» What is being asked
In the entries below, find the lines that contain the word "Ring" and copy them.

» Records to use
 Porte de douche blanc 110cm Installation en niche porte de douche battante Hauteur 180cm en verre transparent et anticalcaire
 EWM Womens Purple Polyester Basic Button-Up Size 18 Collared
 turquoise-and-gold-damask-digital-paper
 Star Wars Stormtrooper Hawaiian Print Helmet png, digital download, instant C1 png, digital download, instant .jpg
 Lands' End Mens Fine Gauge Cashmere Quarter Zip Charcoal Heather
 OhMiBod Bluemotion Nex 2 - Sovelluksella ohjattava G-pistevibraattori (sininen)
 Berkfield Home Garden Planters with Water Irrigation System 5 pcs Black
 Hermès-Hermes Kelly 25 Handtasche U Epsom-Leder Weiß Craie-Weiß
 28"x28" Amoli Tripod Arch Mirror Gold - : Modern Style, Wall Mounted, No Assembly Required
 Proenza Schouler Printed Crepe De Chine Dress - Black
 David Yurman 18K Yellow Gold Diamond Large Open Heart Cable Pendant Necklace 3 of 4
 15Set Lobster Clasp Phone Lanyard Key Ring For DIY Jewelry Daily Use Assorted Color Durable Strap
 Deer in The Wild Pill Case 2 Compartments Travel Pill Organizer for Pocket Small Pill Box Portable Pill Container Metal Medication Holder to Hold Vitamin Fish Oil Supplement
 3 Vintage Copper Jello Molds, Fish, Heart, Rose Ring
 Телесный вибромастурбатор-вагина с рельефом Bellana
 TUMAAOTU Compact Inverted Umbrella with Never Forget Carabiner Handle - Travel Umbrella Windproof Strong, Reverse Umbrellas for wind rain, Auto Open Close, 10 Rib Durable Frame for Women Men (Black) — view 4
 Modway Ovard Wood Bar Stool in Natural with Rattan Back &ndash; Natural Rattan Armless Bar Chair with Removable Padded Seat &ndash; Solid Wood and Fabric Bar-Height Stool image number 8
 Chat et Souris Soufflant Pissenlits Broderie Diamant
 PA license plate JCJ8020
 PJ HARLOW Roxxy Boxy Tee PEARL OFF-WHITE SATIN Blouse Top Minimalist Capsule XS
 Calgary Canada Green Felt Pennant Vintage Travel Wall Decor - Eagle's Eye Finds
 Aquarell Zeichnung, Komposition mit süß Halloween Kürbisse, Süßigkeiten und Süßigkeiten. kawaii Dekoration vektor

» Your response
 15Set Lobster Clasp Phone Lanyard Key Ring For DIY Jewelry Daily Use Assorted Color Durable Strap
 3 Vintage Copper Jello Molds, Fish, Heart, Rose Ring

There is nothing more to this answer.